Nach einem enttäuschenden 0:0 gegen Neuling
Miami Vice FC ging es am 5.Spieltag gegen die
Timbers aus Portland in ein schwieiriges Auswärtsspiel. Dabei begann das Spiel gar nicht gut, denn nach nur 9 Minuten musste Goossens verletzt vom Feld, für ihn kam der El Salvadorianer Arturo Alvarez ins Spiel. Dieser leitete indirekt auch das 1:0 durch Adi ein, er verlor den Ball im Mittelfeld, Portland schaltete schnell und Adi stand am Ende der Kette und brauchte nur noch den Fuß hinzuhalten. Kurz vor der Pause half uns dann aber die Heimmannschaft zurück ins Spiel. Rechtsverteidiger Powell leistete sich einen folgenschweren Schnitzer, denn sein Rückpass wurde viel zu kurz, Accam spritzte dazwischen, schaffte es noch, mir den Ball hinüber zu spielen und ohne Mühe schaffte ich es, auszugleichen.
Nach der Pause kamen die Timbers erneut in einem Flow, man merkte deutlich, wer hier den Ton angab, leider leistete sich auch unsere sonst so sichere Abwehr an diesem Nachmittag einen Schnitzer.

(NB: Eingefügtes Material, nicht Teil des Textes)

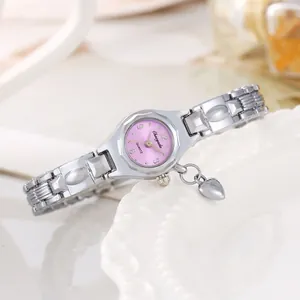 Primo piano dell'orologio da polso argento da donna con ciondolo a cuore e quadrante rosa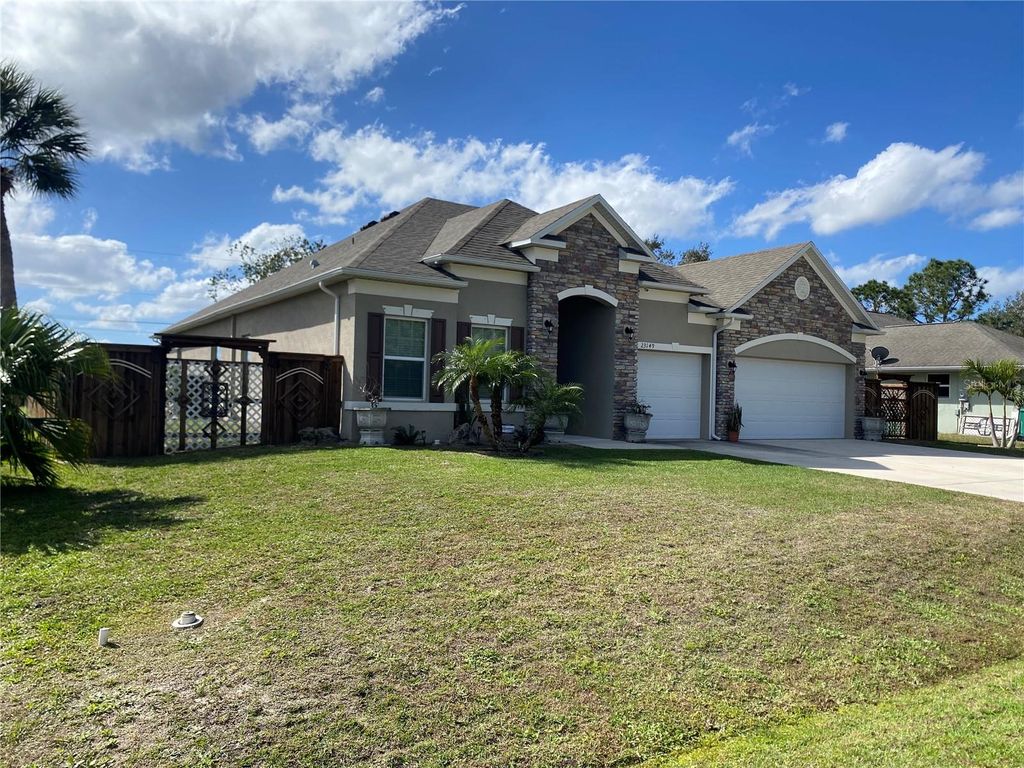 Photo of 23149 Hammond Avenue, Port Charlotte, FL 33954 (MLS # O6285753)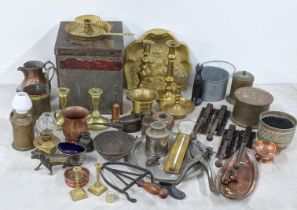 A mixed lot of metalware to include brass candlesticks, a copper jug, a Spanish pewter tray and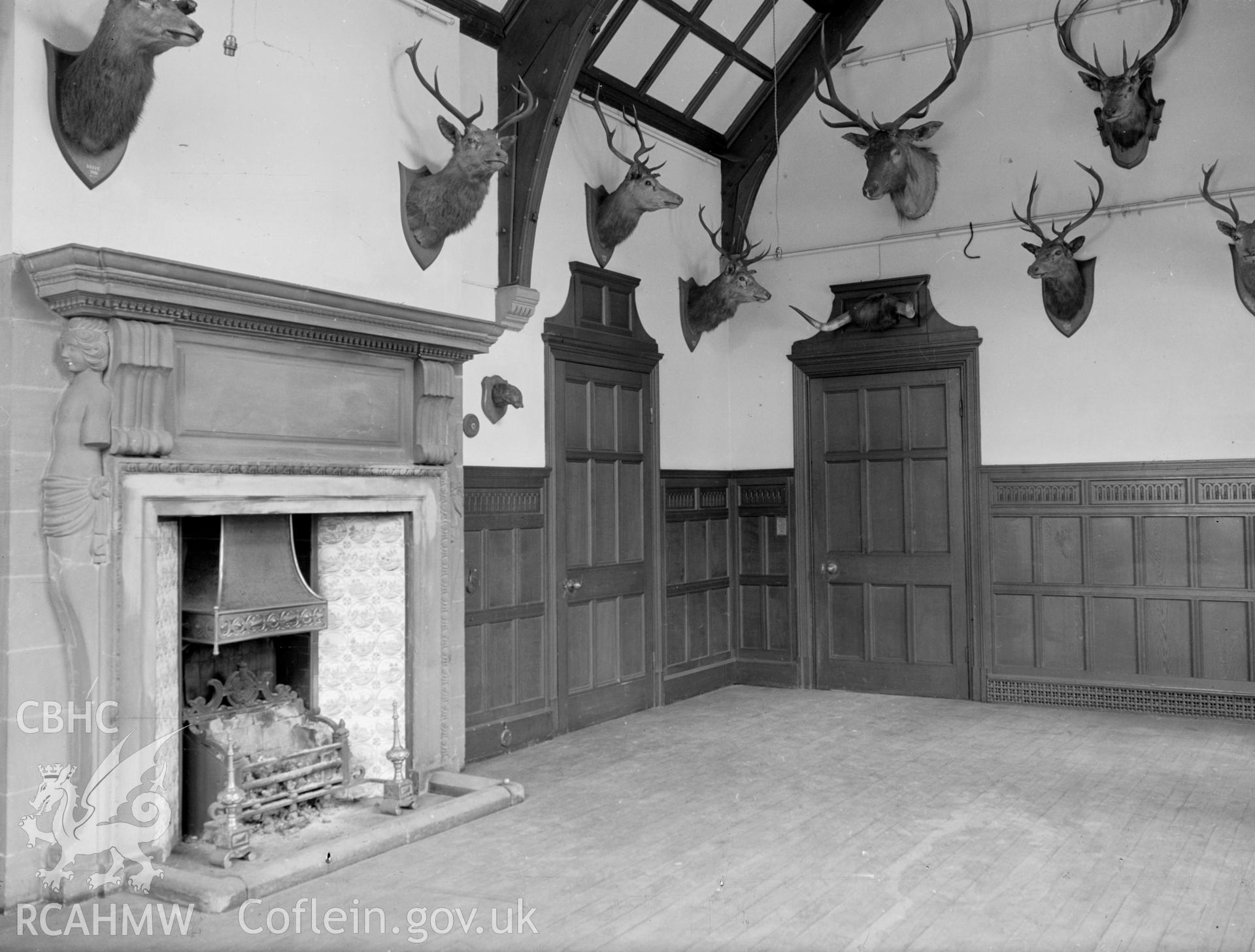 A view of the south eastern tower entrance: A wooden floor room with a large carved stone fireplace.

Nach einer Ecke brachte man den Ball nicht weit genug weg, der Ball kam wieder zu Adi und der brachte Portland erneut in Führung. Aber nur 6 Minuten später traf der eingewechselte Spanier Candela nach einer Ecke wuchtig per Kopf zum 2:2. Dabei blieb es auch, zwar erneut nur ein Remis, mich freute aber die Tatsache mehr, dass ich das erste Mal über 90 Minuten spielen konnte und konditionell schon wieder voll auf der Höhe war. Nächste Woche geht es dann in die Hauptstadt zu
D.C. United.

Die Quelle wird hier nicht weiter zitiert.